6. We've supported a targeted refundable credit even before there was any serious talk about a flat or a "flatter" tax. Removing the sales tax on food lowers taxes on all households, not just low income. A means-tested refundable credit, on the other hand, is targeted towards low-income households. The dreaded rich don't receive a benefit from a targeted credit.

Dorothy,

You are also wrong is stating that sales taxes are only regressive because of food sales tax. The sales tax burden is regressive even if the sales tax on food were removed.

We've calculated sales tax burdens by income and household size based on the BLS Consumer Expenditure Survey. Our numbers are similar to the Tax Commission's numbers. Our numbers are a little higher than the Tax Commission's because the most recent Tax Commission study was done several years ago when sales tax rates were lower.

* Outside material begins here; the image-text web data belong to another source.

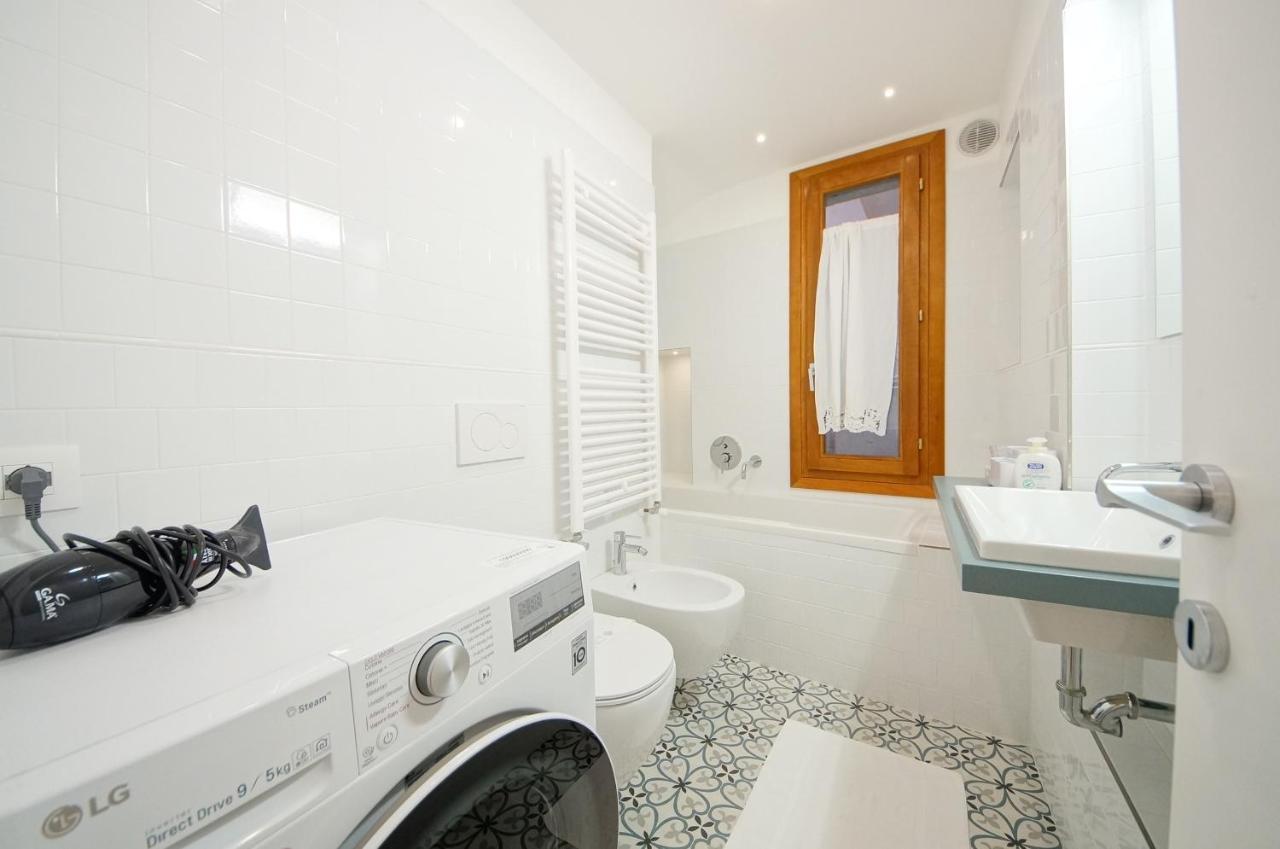 Apartamento Dolcevita N 479 Veneza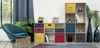 5five Simply Smart Aufbewahrungskorb Mix N Modul, Pappe, Anteprima dell’immagine prodotto 9
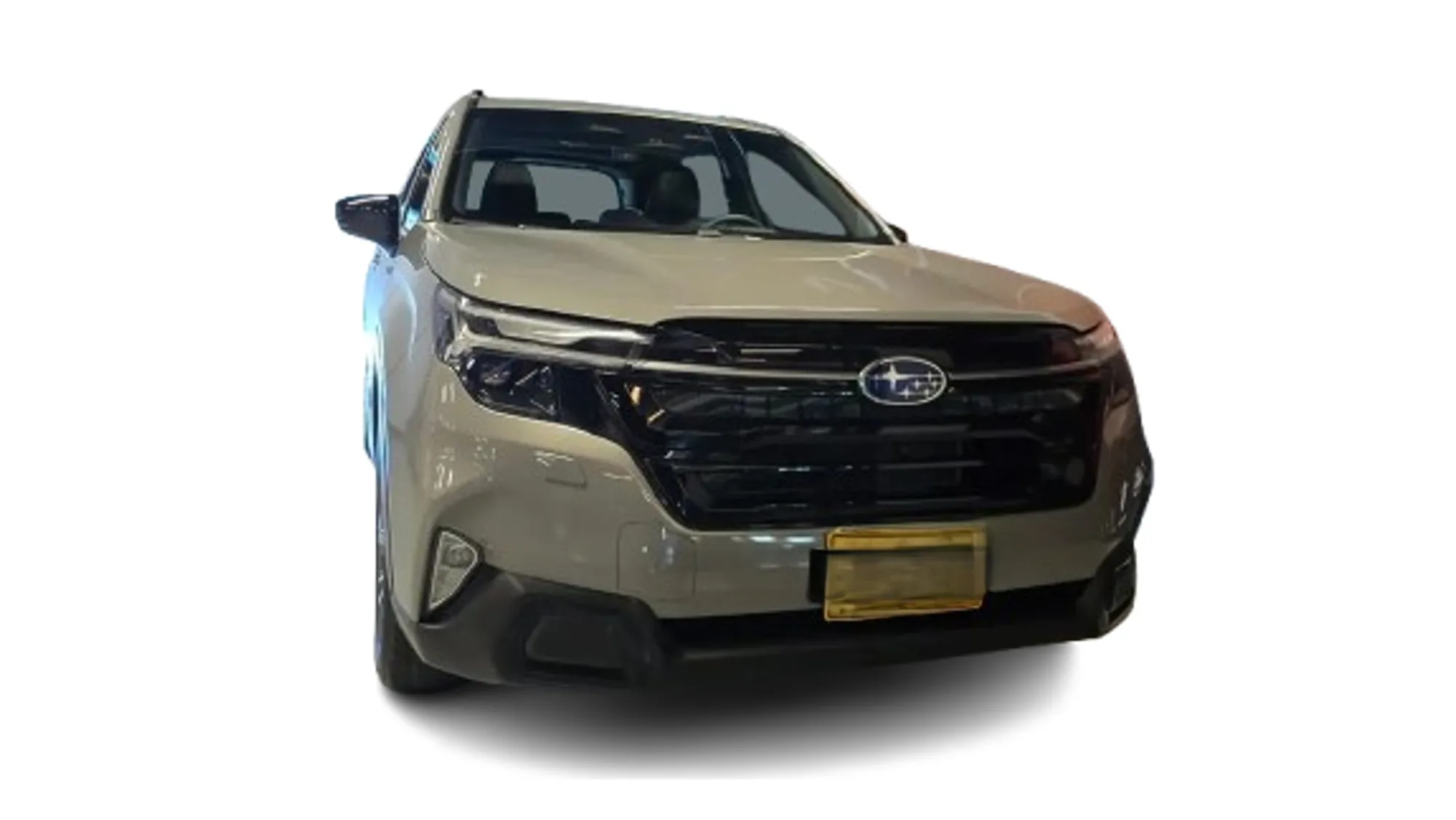 SUV Subaru Forester Strong Hybrid 2026 en Chiclayo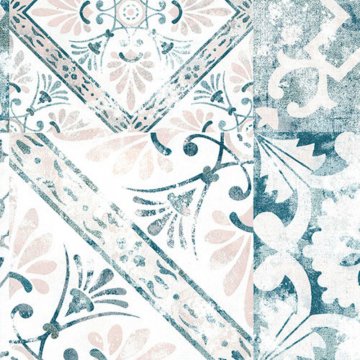 Обои Grandeco Village People VP 2204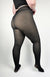 The Original Fleece Lined Tights™ with Single Back Seam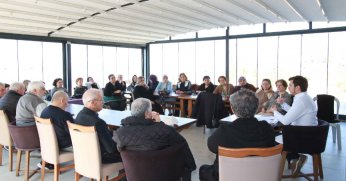 65 yaş üstüne Ramazan’da sağlıklı beslenme tüyoları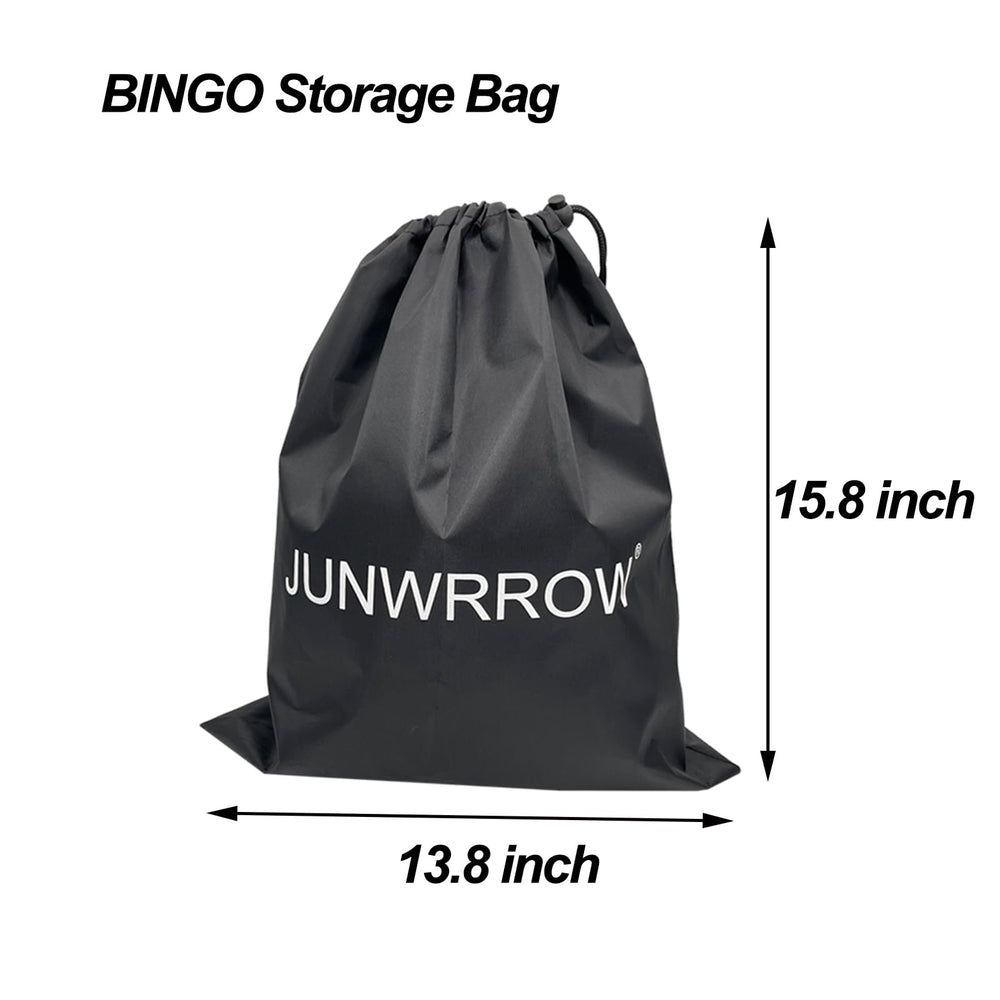JUNWRROW Master Board helps track scores at a glance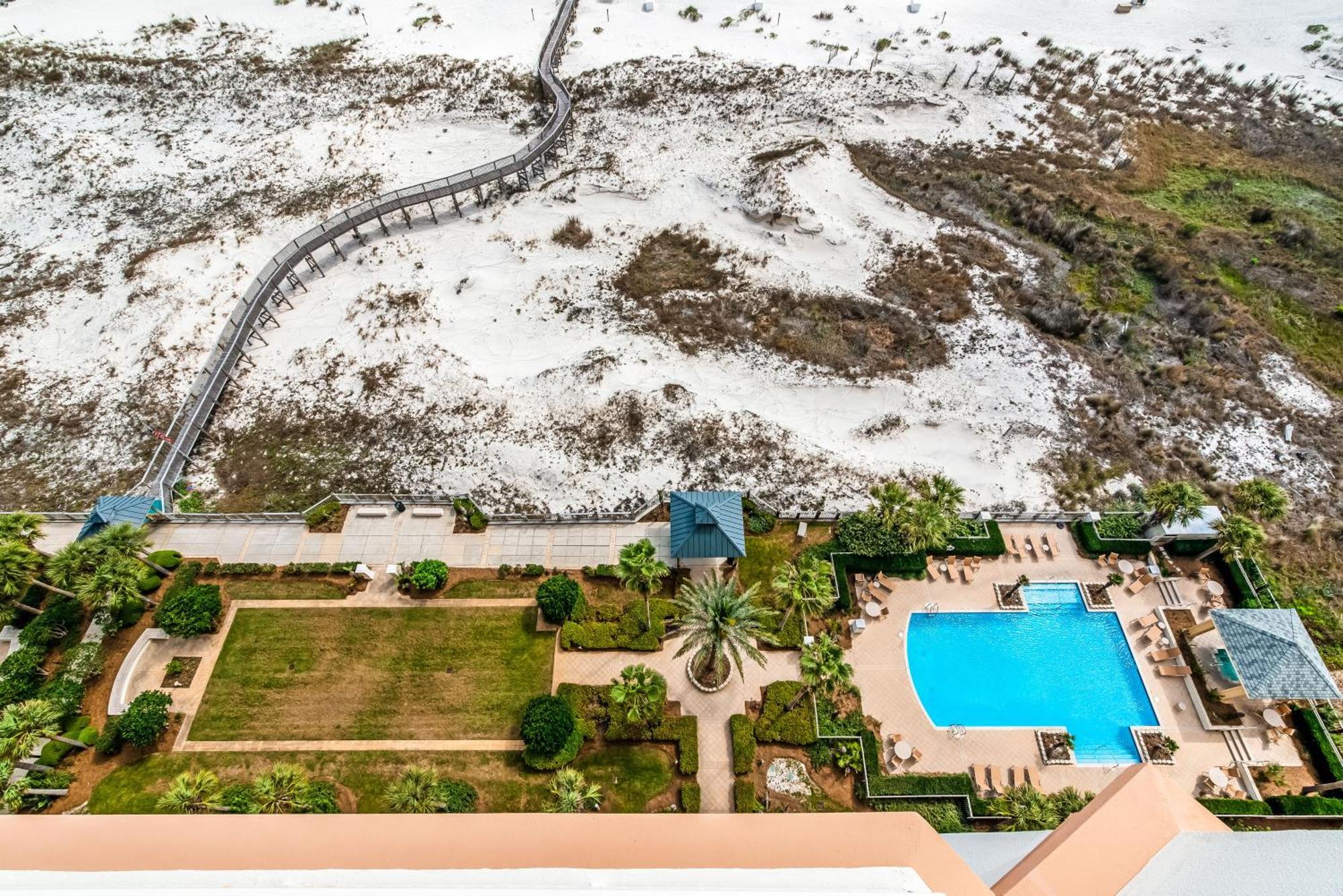 The Beach Club Resort And Spa Gulf Shores Phòng bức ảnh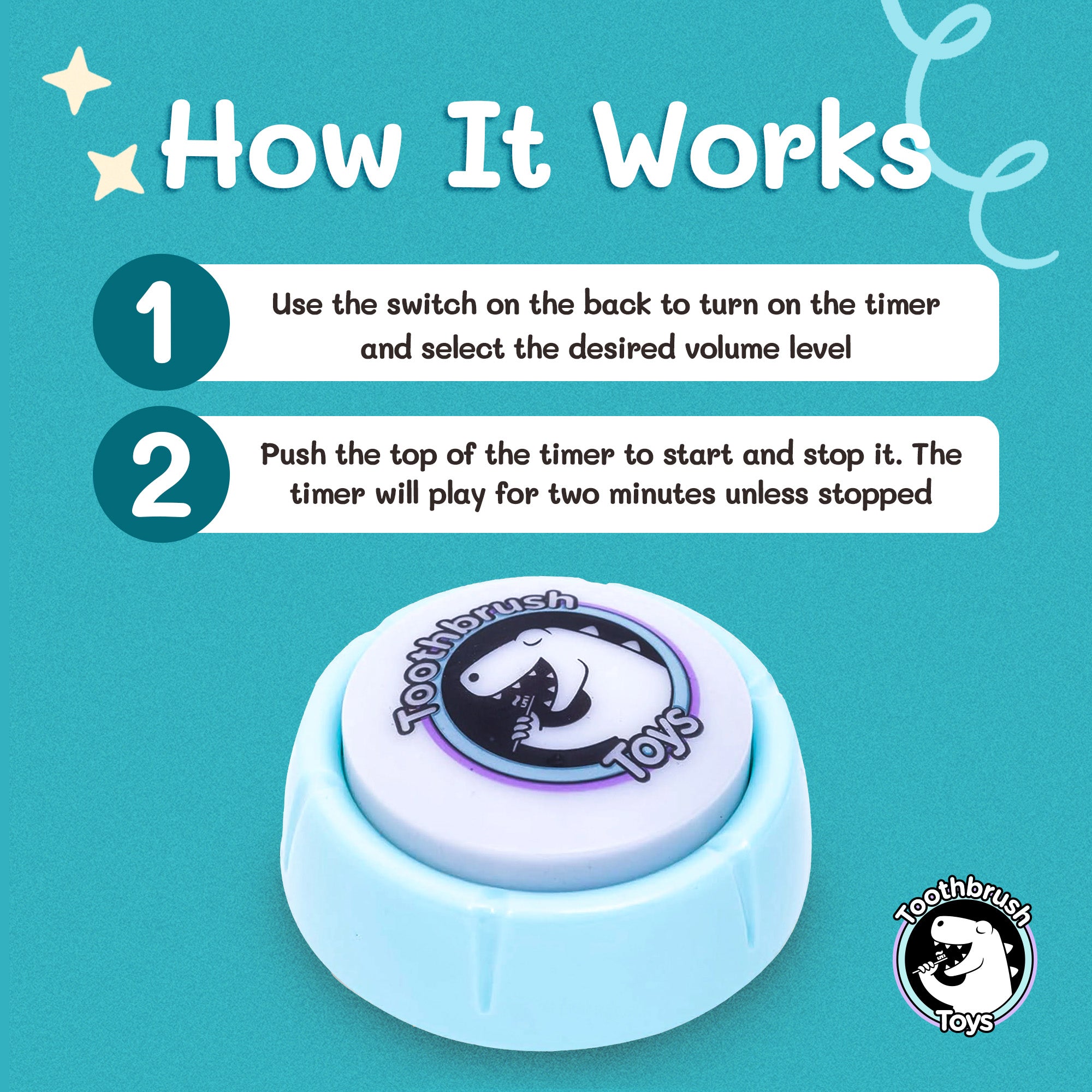 Two-Minute Timer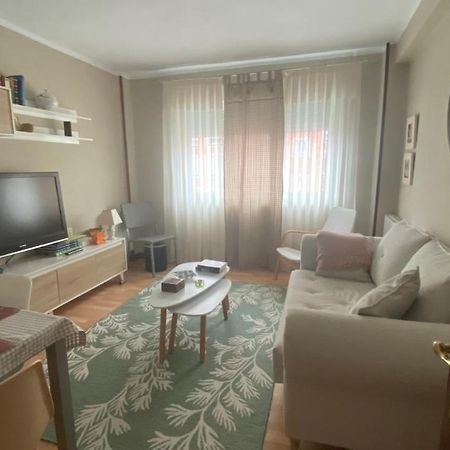 Apart Santander Zona Universidad Экстерьер фото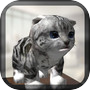 Cat Simulator 3Dicon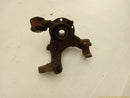 Audi A4 Passenger Right Rear Spindle Knuckle Hub-11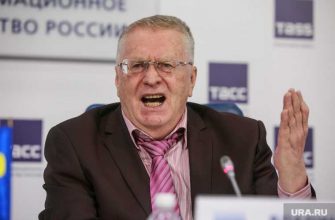 арест губернатора Фургала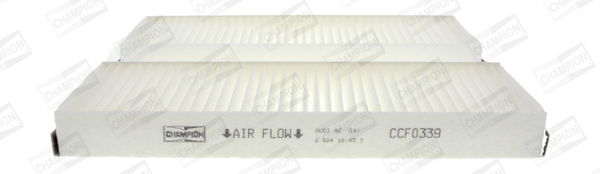 4044197727162 | Filter, interior air CHAMPION CCF0339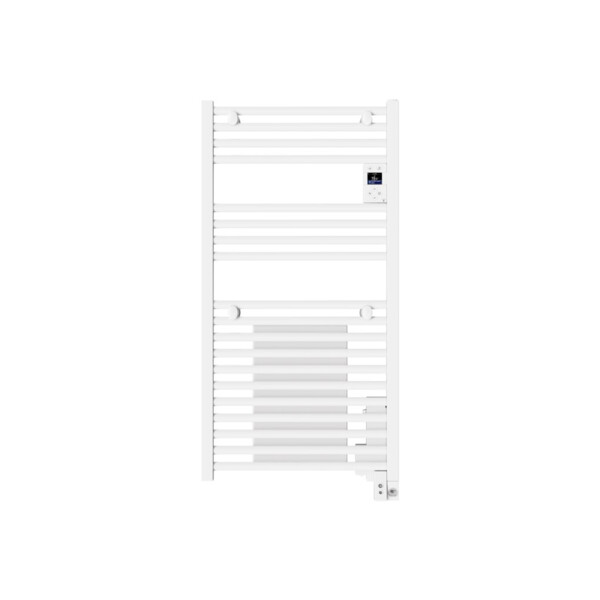 Radiateur sèche-serviette belle-île 1500w blanc brillant - Thermor - 471273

For example, the total state/local sales tax burden for most lower income households is in the range of 6% to 9% (yes, a 9% burden means that they are spending more than they are making since the typical sales tax rate in Utah is about 6.5%). By removing the sales tax on food, the sales tax burden decreases by about 1.5 to 2.5 percentage points for *most* low income households.

The total sales tax burden for higher income households is in the 1.5% to 3.0% range. Removing the sales tax on food for higher income households reduces the sales tax burden by about 0.3 percentage points.

So, even after removing the sales tax on food, the sales tax is more regressive.

Correction: The last statement should have read "the sales tax is STILL regressive, not MORE regressive."